Approximately 47% of the aggregate balance at 2020 fiscal year end results from Mr. Lawrence’s voluntary deferrals of compensation to the BRP since participation began in 2017.

  (3) 

Approximately 39% of the aggregate balance at 2020 fiscal year end results from Mr. Porter’s voluntary deferrals of compensation to the BRP since participation began in 2006.

  (4) 

Approximately 71% of the aggregate balance at 2020 fiscal year end results from Ms. Absher’s voluntary deferrals of compensation to the BRP since participation began in 2019.

  (5) 

Approximately 76% of the aggregate balance at 2020 fiscal year end results from Ms. Durbin’s voluntary deferrals of compensation to the BRP since participation began in 2020.

  (6) 

Approximately 39% of the aggregate balance at 2019 fiscal year end results from Mr. Kirkpatrick’s voluntary deferrals of compensation to the BRP since participation began in 2012.

 

 

Potential Payments and Benefits Upon Termination or Change in Control

Under our executive compensation program, severance payments and the provision of benefits can be triggered upon termination of an NEO’s employment and following a Change in Control.
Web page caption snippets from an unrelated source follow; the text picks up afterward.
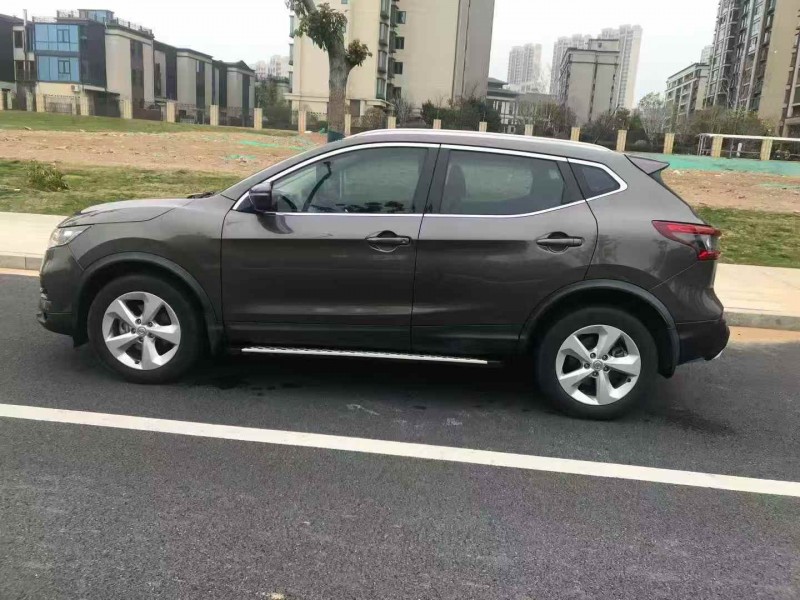 苏州19年日产逍客2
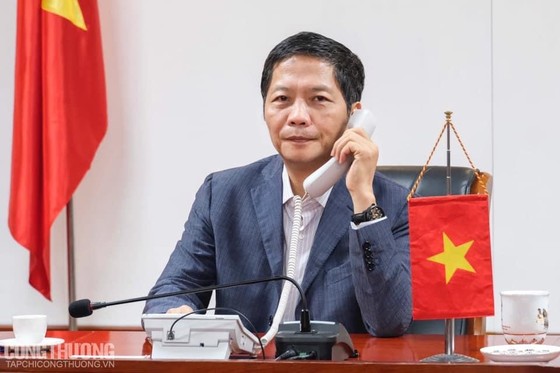 Trung Quốc khôi phục thời gian thông quan như bình thường tại cặp cửa khẩu Pò Chài - Tân Thanh ảnh 1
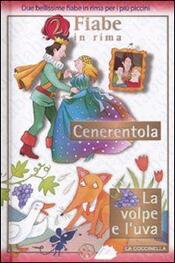 copertina Cenerentola/ La volpe e l'uva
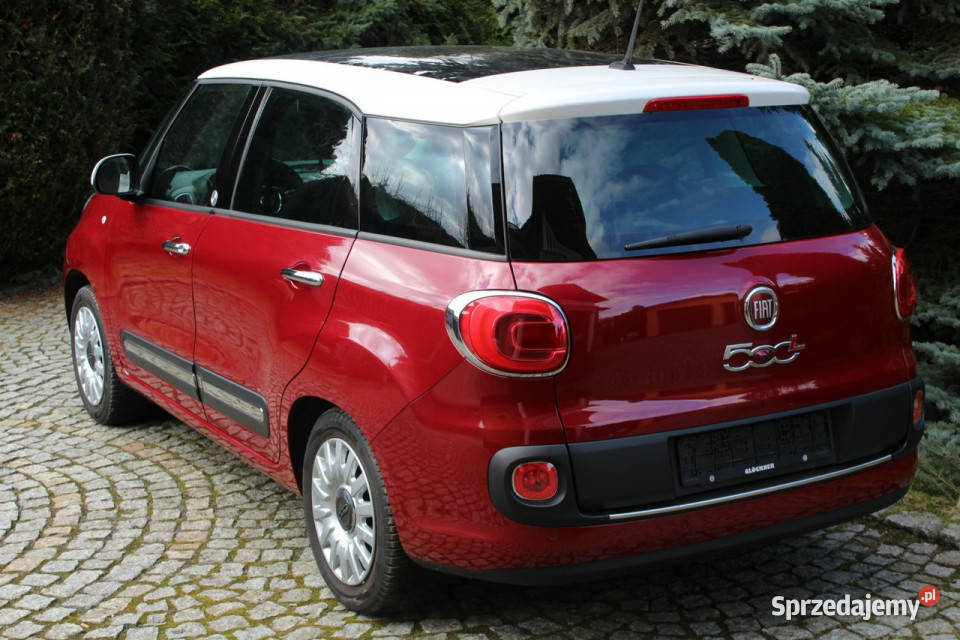 Fiat 500L Long 147 14 Turbo 120 lakier metallic Lubań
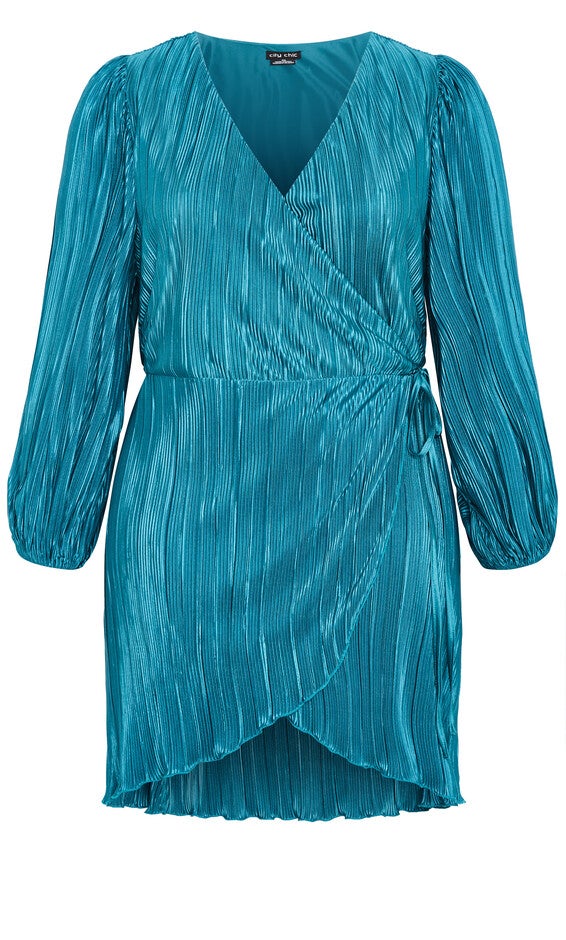 Kira Dress - jade, GREEN, alternate image number null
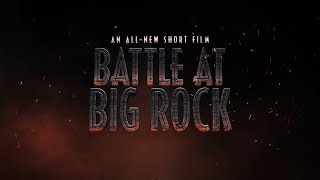 Battle at Big Rock  An AllNew Short Film  Jurassic World [upl. by Ahsekel]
These payments may include payments resulting from the employment agreements and EECAs discussed below.

Employment Agreements

Below is a description of the termination provisions included in each of the employment agreements and EECAs. As of August 31, 2020, the then serving NEOs are also bound under the terms of their employment agreements to certain non-competition provisions during the term of the employment and for 18 months thereafter and certain non-solicitation restrictions for a period of two years after termination of employment.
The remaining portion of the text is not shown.